◆ **What you have to do**
Among the entries that follow, the required portion opens with the line containing "Яичница с колбасой и хлебом" and closes with the line containing "Building Photo - Nice". Give that portion again exactly, and nothing else.

◆ **Record excerpts**

+++++

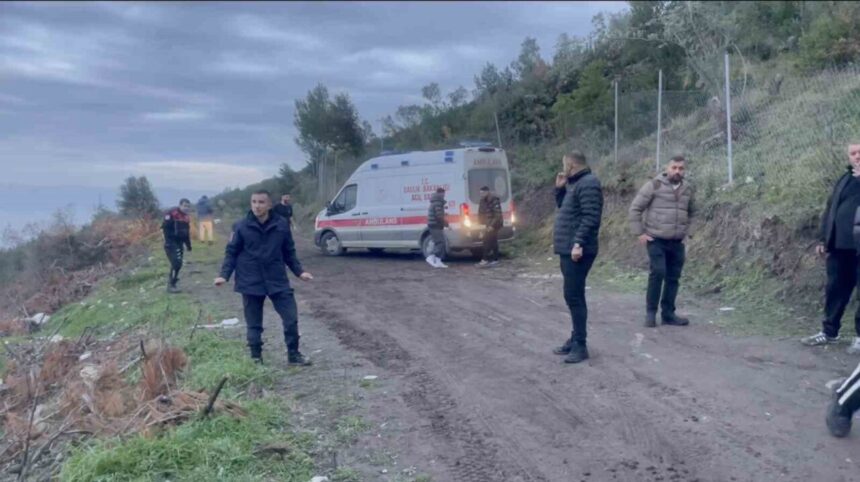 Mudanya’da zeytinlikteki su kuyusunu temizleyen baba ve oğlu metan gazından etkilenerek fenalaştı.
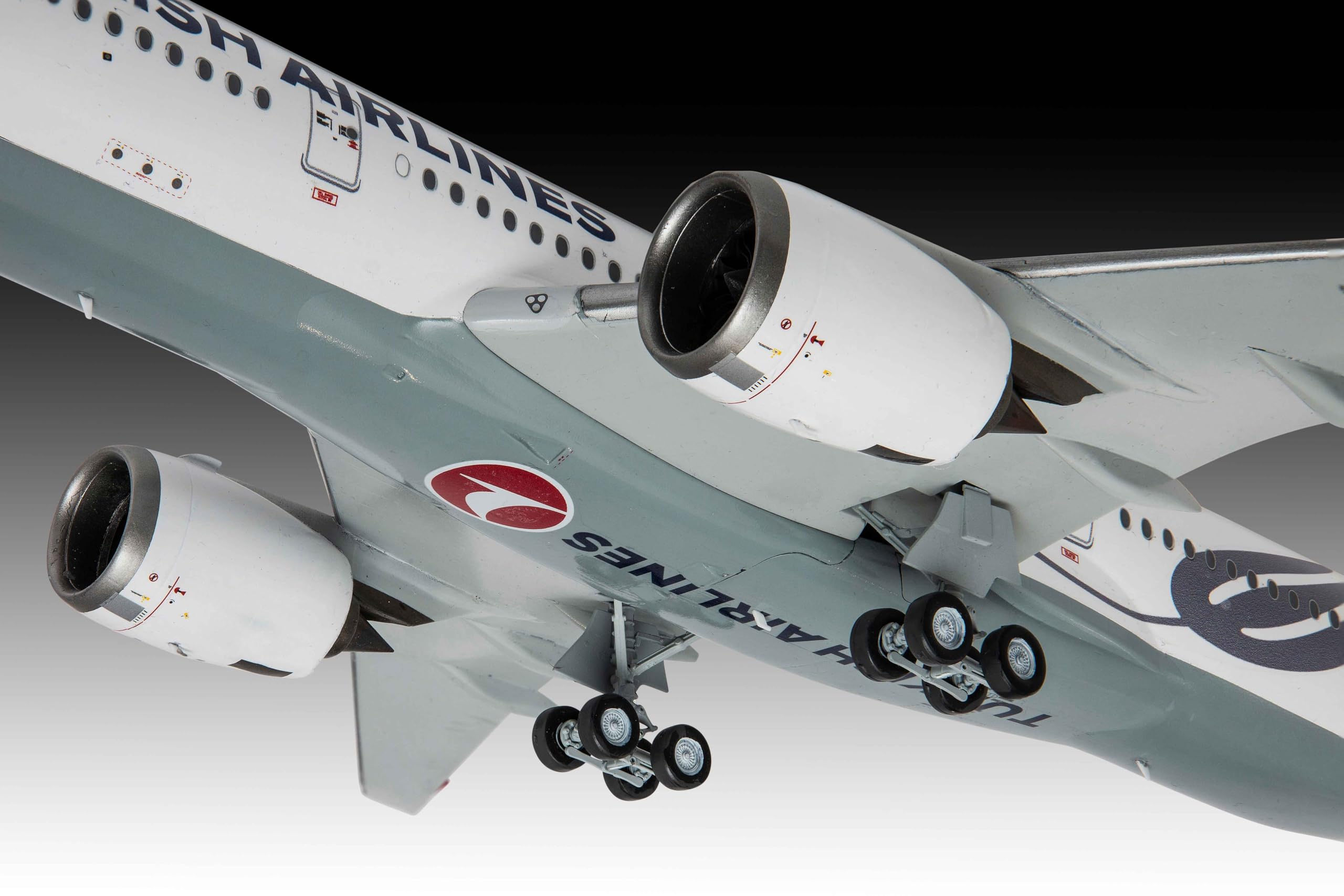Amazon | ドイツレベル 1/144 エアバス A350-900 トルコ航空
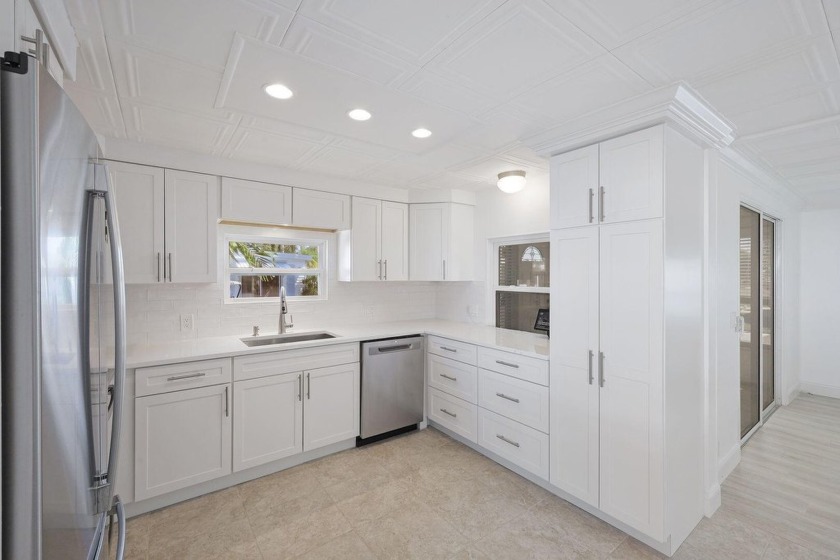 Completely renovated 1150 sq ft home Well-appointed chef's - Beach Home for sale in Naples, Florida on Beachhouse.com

+++++

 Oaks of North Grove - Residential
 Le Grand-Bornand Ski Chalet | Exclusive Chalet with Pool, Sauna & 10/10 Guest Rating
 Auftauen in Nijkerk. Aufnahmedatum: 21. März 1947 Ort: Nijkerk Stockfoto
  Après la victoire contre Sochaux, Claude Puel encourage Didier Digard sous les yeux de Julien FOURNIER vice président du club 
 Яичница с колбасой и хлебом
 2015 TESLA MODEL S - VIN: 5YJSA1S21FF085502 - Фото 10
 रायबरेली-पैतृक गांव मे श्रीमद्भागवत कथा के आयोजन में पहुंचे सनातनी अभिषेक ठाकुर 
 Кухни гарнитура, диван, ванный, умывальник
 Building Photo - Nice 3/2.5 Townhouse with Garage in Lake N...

+++++

◆ **Answer to this exercise**
 Яичница с колбасой и хлебом
 2015 TESLA MODEL S - VIN: 5YJSA1S21FF085502 - Фото 10
 रायबरेली-पैतृक गांव मे श्रीमद्भागवत कथा के आयोजन में पहुंचे सनातनी अभिषेक ठाकुर 
 Кухни гарнитура, диван, ванный, умывальник
 Building Photo - Nice 3/2.5 Townhouse with Garage in Lake N...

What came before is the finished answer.